* **EXERCISE AIM**: What is needed is an exact copy of the lines in the entries below from the one holding "abstract brown hexagon pattern background" through the one holding "Chaussures de sport", pictures excluded.
• • •
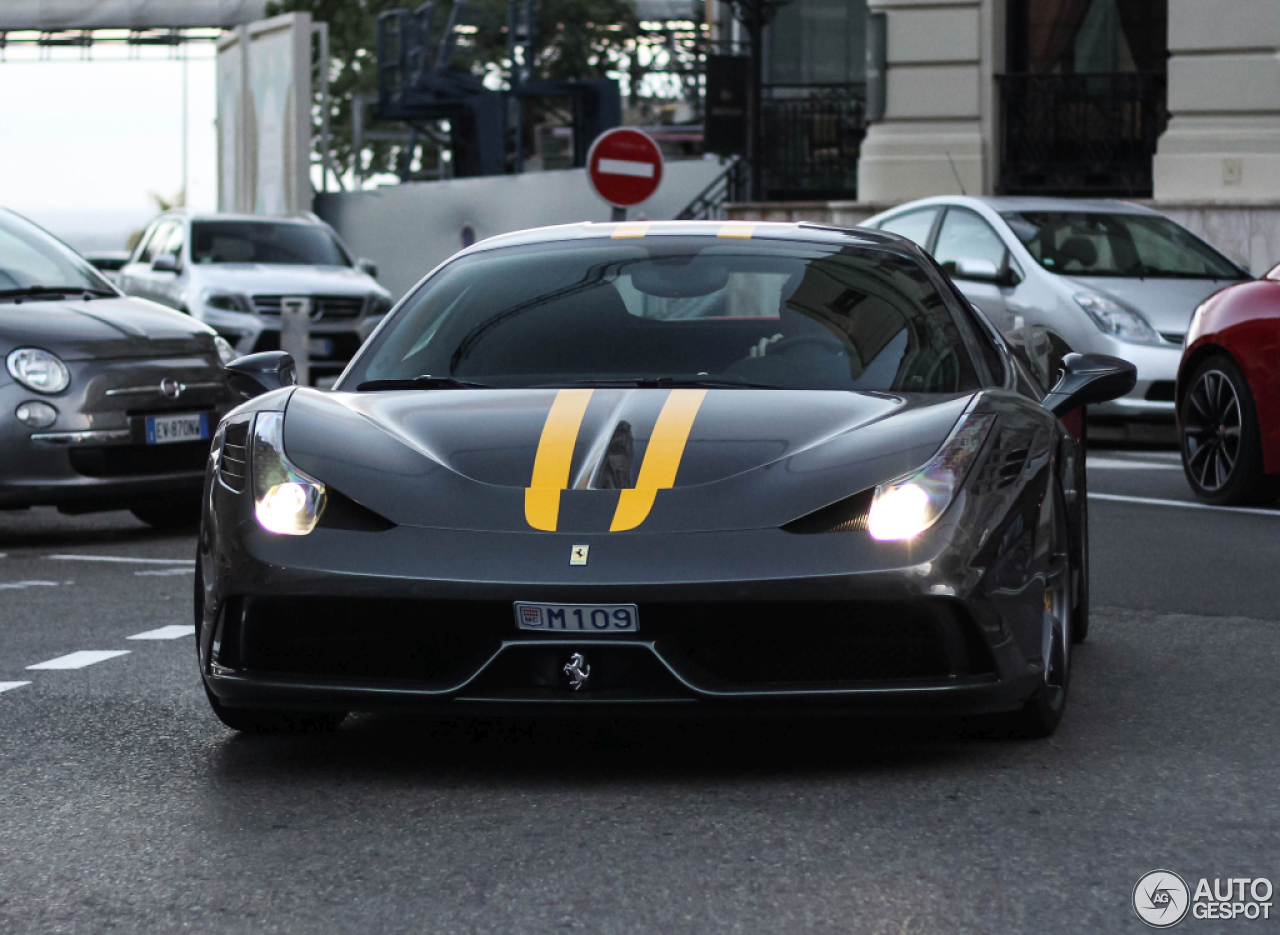 Ferrari 458 Speciale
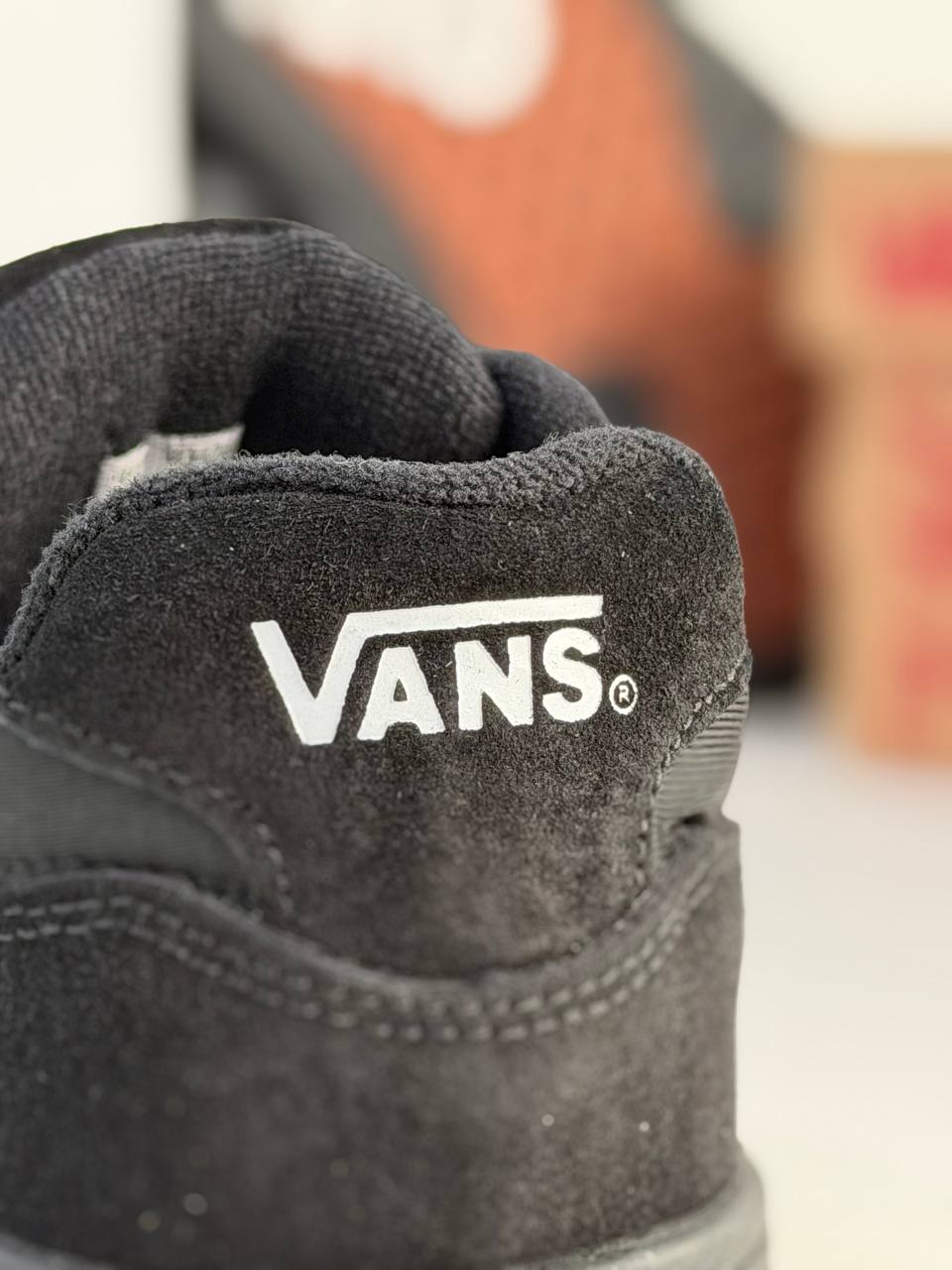 Vans Upland | Negro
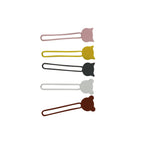 Silikono kabelio ritė - balta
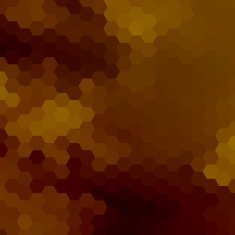 abstract brown hexagon pattern background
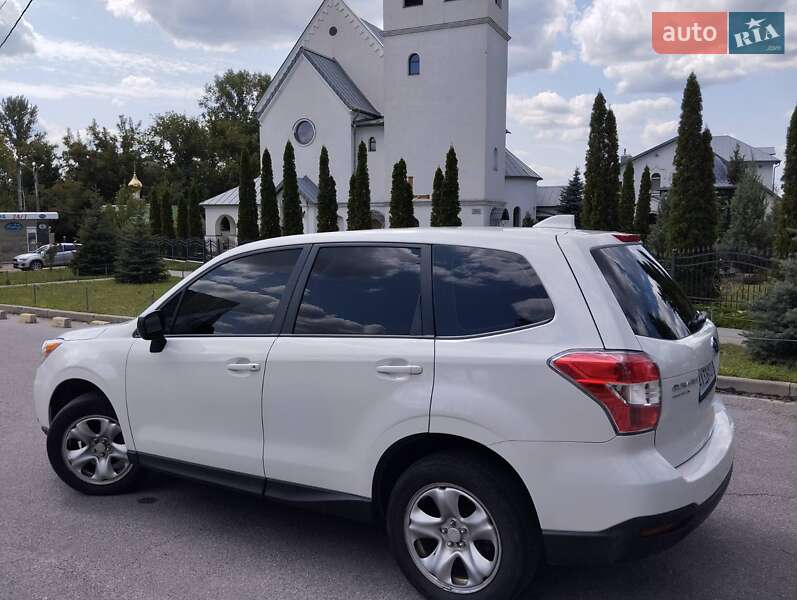 Subaru Forester 2016
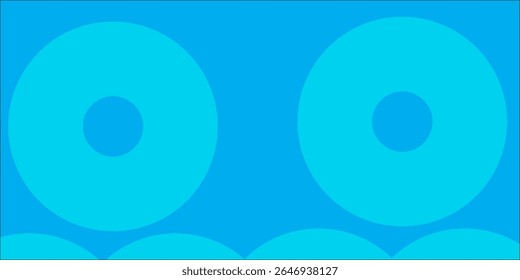  apresentando azul em camadas concêntrico círculos gráficos abstratos, enfatizando simetria e modernidade. Perfeito para projetos digitais,Gráfico abstrato com círculos concêntricos azuis em camadas.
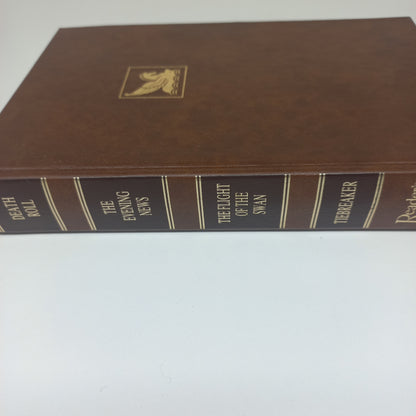 Death Roll by S. Llewellyn, The Evening News by A. Hailey, The Flight of the Swan by E. Webster & Tiebreaker by J.M. Bickham Reader's Digest (4 in 1)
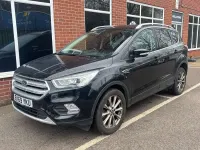 Used Ford Kuga Titanium 150 HP (110 kW) 2019 Black SUV
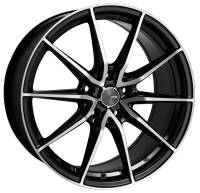 Enkei Wheels Rim DRACO 18x8 5x114.3 ET35 72.6CB Black Mach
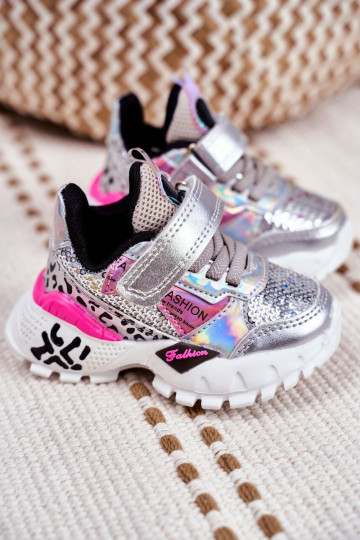 Chaussures de sport pour enfants, baskets modèle Game Time 2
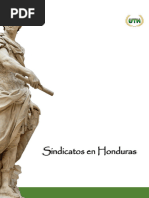 Movimientos Sindicales en Honduras | PDF | Sindicato | Derecho laboral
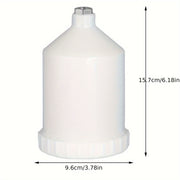 Крышка для замены чашки пистолета для покраски 600 мл, пластиковые распылители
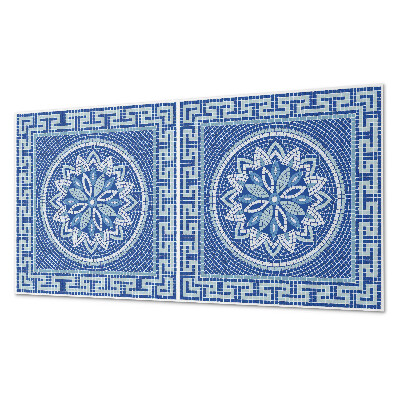 Panel ścienny pcv Kwiatowy wzór mozaikowy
• • •
* **ANSWER TO THE PROBLEM**:
 abstract brown hexagon pattern background
 Subaru Forester 2016
  apresentando azul em camadas concêntrico círculos gráficos abstratos, enfatizando simetria e modernidade. Perfeito para projetos digitais,Gráfico abstrato com círculos concêntricos azuis em camadas.
 Death Roll by S. Llewellyn, The Evening News by A. Hailey, The Flight of the Swan by E. Webster & Tiebreaker by J.M. Bickham Reader's Digest (4 in 1)
 Used Ford Kuga Titanium 150 HP (110 kW) 2019 Black SUV
 Enkei Wheels Rim DRACO 18x8 5x114.3 ET35 72.6CB Black Mach
 Chaussures de sport pour enfants, baskets modèle Game Time 2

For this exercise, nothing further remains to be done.